Singson admits ‘stigma,’ vows DPWH will do better
MANILA, Philippines—While admitting that the Department of Public Works and Highways (DPWH) was handicapped by “negative perceptions and the stigma of being one of the most corrupt government agencies,” Secretary Rogelio Singson nevertheless stressed the DPWH was “slowly gaining ground in its paradigm shift to elevate the essence of public service.”
In a 31-page performance report, Singson said that “as a government agency, the DPWH through the years has been confronted with this problem,” among other challenges it faces in fulfilling its mandate of providing and managing quality infrastructure nationwide.
In the March 19 report, a copy of which was furnished the INQUIRER, Singson said “the key players to mitigate this problem are its [DPWH] personnel, the doers and decision makers with shared power to accomplish the department’s mandate.”
“Year in and year out, the DPWH has taken bold steps to address this major concern. It took it upon itself to seek ways and means to level up its positive integrity perception among its clientele,” he said.
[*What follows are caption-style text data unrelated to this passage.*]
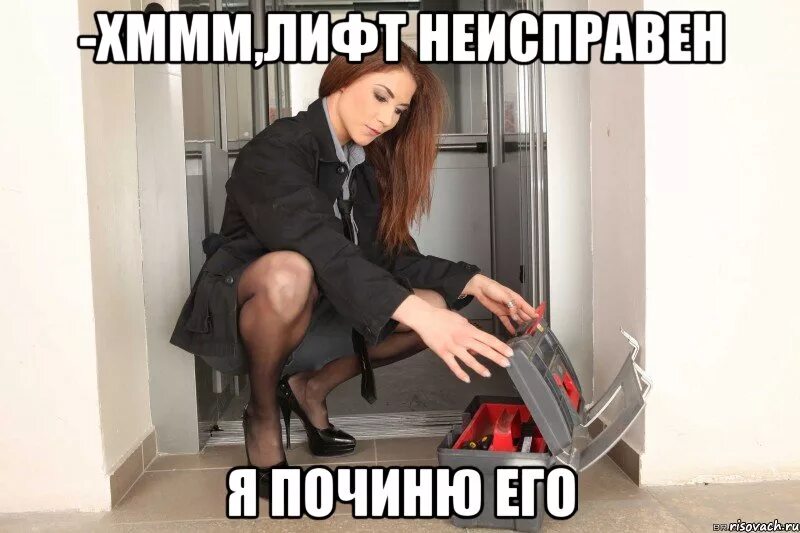 Потихоньку всовывает. Потихоньку всовывает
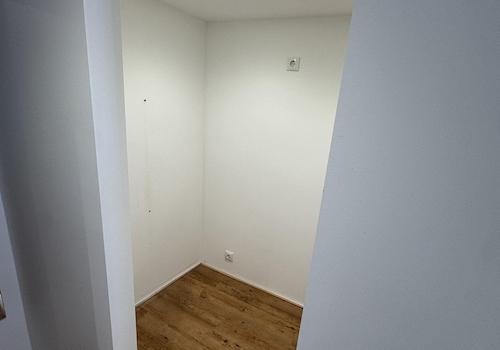 Zimmer 4, Foto 1, 2. OG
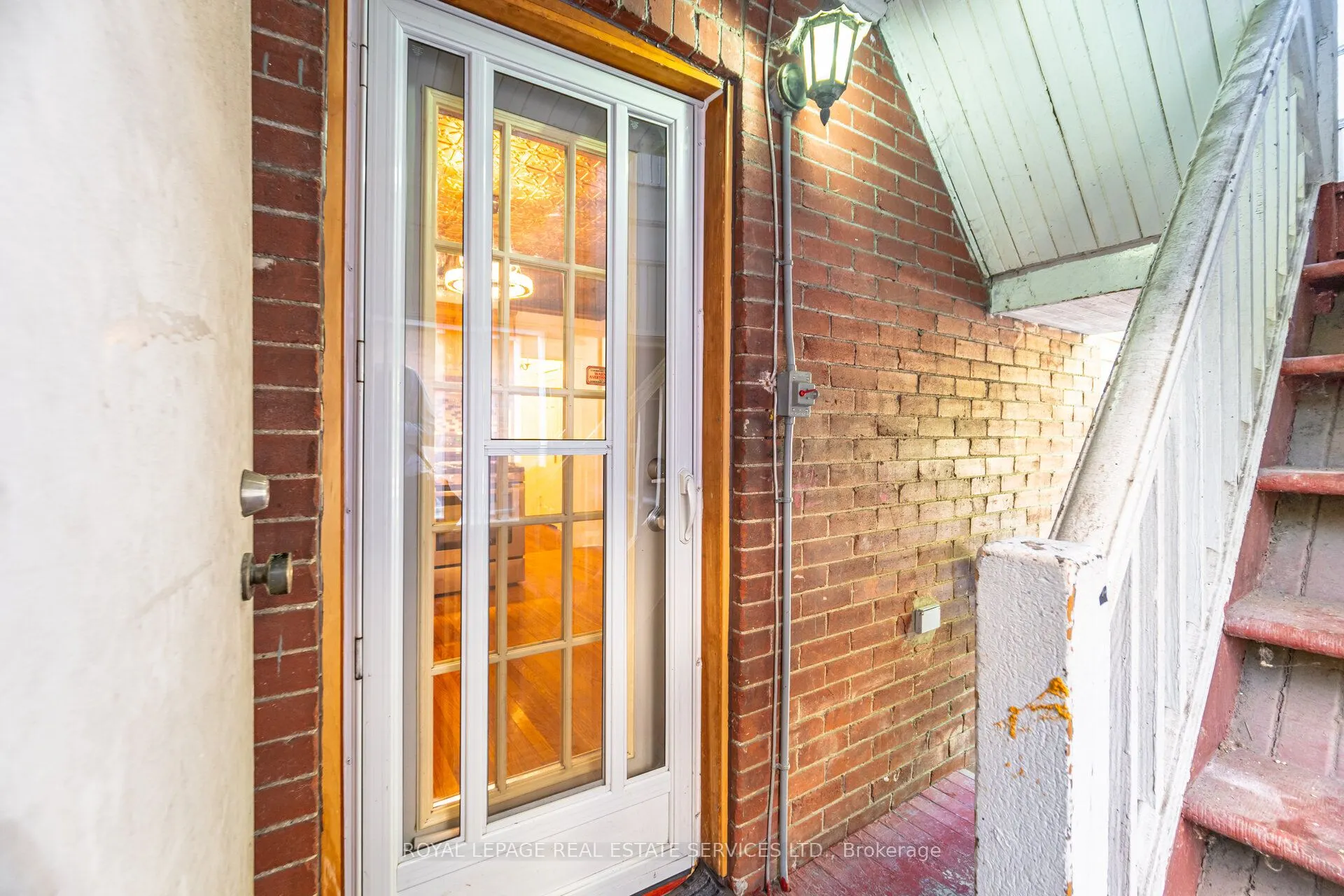 379 Parkside Drive, ##1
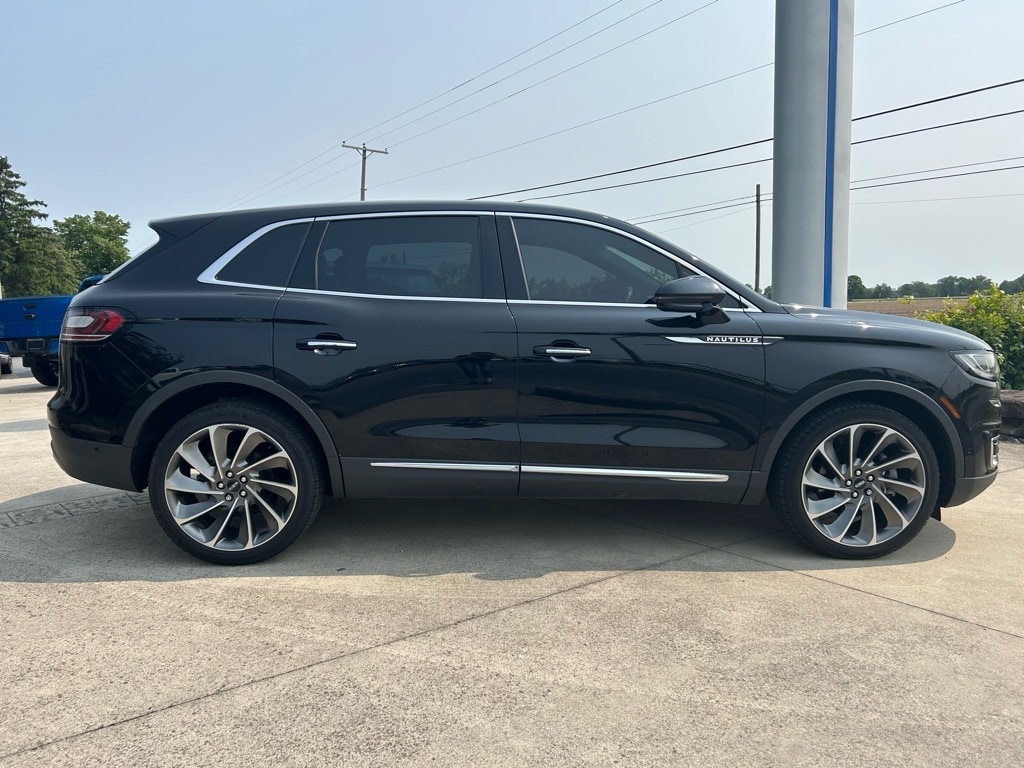 Used 2020 Lincoln Nautilus Reserve with VIN 2LMPJ8K91LBL03233 for sale in Oak Harbor, OH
Singson said that “consistent with President Aquino’s social contract with the Filipino people, the DPWH continuously implements better quality, adequate, safe and cost-effective infrastructure facilities and services that would ensure the attainment of inclusive growth and the reduction of poverty.”
He noted that “in 2012, the country posted robust economic growth as a result of the government’s commitment to good governance and accountability reforms, and increased public spending in infrastructure and social services through transparent, participatory and accountable management of public funds.”
“With our prudent utilization of taxpayer money as well as improved procurement processes and open, transparent, competitive bidding as of Dec. 31, we were able to save over P12 billion which can be utilized for other priority development projects,” he reported.
“We have done much with so limited personnel,” he said, stressing that the department was “slowly gaining ground in its paradigm shift to elevate the essence of public service that is doing the right project at the right cost, right quality, and accomplished on time by the right people.”